# Task brief
Give back only the lines in the records below from the one with "Mature Man Sitting" to the one with "Jennifer Abel of", both inclusive, word for word.

# Data entries
======
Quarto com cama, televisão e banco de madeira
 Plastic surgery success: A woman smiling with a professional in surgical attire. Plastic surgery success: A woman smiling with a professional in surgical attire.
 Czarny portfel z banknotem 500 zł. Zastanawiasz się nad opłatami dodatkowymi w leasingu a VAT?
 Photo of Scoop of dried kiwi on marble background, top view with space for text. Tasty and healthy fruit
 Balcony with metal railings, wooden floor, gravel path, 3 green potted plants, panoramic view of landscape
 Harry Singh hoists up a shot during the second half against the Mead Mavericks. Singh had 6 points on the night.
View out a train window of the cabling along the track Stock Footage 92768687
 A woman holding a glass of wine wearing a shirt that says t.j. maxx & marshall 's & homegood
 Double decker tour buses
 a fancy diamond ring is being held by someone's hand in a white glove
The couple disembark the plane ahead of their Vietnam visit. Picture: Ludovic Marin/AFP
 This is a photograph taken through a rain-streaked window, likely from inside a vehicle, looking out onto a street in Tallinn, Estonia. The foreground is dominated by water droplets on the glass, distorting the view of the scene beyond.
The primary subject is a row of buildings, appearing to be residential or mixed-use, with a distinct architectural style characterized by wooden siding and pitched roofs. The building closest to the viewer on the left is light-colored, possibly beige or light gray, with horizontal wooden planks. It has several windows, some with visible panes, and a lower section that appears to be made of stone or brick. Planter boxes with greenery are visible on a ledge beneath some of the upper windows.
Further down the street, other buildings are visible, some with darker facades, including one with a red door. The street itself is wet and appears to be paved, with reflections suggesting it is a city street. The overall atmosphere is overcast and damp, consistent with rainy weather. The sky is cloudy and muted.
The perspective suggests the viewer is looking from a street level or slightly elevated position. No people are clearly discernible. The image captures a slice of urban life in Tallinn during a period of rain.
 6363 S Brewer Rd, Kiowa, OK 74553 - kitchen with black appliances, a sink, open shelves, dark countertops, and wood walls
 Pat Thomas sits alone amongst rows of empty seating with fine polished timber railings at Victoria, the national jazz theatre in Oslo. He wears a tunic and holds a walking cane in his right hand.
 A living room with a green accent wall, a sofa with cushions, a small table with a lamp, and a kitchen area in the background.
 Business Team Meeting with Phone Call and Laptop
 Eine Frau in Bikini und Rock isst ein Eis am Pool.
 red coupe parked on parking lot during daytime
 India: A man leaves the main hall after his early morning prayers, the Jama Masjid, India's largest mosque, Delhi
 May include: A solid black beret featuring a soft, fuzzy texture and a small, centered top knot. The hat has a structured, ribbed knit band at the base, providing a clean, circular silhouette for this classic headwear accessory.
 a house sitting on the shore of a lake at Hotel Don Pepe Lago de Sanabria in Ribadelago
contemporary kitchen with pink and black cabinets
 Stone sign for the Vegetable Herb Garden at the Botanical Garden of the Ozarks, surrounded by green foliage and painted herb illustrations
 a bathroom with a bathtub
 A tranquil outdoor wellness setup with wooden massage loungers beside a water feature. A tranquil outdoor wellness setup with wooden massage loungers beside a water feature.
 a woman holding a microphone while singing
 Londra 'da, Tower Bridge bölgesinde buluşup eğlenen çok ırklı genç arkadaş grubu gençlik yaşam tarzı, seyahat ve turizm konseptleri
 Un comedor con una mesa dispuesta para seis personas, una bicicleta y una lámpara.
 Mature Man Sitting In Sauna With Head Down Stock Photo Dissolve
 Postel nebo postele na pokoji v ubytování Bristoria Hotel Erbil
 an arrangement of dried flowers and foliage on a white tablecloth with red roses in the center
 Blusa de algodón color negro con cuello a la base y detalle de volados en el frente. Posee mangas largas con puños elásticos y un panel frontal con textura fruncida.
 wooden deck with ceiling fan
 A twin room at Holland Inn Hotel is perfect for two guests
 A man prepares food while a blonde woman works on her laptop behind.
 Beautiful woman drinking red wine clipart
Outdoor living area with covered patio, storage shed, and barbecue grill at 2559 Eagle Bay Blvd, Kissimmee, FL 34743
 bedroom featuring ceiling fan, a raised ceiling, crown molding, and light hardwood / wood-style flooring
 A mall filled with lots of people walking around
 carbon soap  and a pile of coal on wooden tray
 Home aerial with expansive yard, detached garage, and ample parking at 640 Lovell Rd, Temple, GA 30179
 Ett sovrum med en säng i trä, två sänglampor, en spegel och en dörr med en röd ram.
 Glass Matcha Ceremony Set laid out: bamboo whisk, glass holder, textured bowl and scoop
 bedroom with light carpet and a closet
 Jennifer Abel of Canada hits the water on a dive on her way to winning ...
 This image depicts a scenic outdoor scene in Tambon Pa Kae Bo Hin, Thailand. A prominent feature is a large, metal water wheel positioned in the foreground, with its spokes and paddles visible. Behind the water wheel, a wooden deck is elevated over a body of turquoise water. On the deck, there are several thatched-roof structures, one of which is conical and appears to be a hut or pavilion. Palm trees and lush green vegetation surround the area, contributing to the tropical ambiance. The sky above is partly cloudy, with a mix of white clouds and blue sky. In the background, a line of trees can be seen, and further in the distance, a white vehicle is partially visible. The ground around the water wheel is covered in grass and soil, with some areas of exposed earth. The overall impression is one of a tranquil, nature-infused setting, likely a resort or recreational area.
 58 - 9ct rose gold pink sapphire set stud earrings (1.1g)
======
# Answer to the problem
 Mature Man Sitting In Sauna With Head Down Stock Photo Dissolve
 Postel nebo postele na pokoji v ubytování Bristoria Hotel Erbil
 an arrangement of dried flowers and foliage on a white tablecloth with red roses in the center
 Blusa de algodón color negro con cuello a la base y detalle de volados en el frente. Posee mangas largas con puños elásticos y un panel frontal con textura fruncida.
 wooden deck with ceiling fan
 A twin room at Holland Inn Hotel is perfect for two guests
 A man prepares food while a blonde woman works on her laptop behind.
 Beautiful woman drinking red wine clipart
Outdoor living area with covered patio, storage shed, and barbecue grill at 2559 Eagle Bay Blvd, Kissimmee, FL 34743
 bedroom featuring ceiling fan, a raised ceiling, crown molding, and light hardwood / wood-style flooring
 A mall filled with lots of people walking around
 carbon soap  and a pile of coal on wooden tray
 Home aerial with expansive yard, detached garage, and ample parking at 640 Lovell Rd, Temple, GA 30179
 Ett sovrum med en säng i trä, två sänglampor, en spegel och en dörr med en röd ram.
 Glass Matcha Ceremony Set laid out: bamboo whisk, glass holder, textured bowl and scoop
 bedroom with light carpet and a closet
 Jennifer Abel of Canada hits the water on a dive on her way to winning ...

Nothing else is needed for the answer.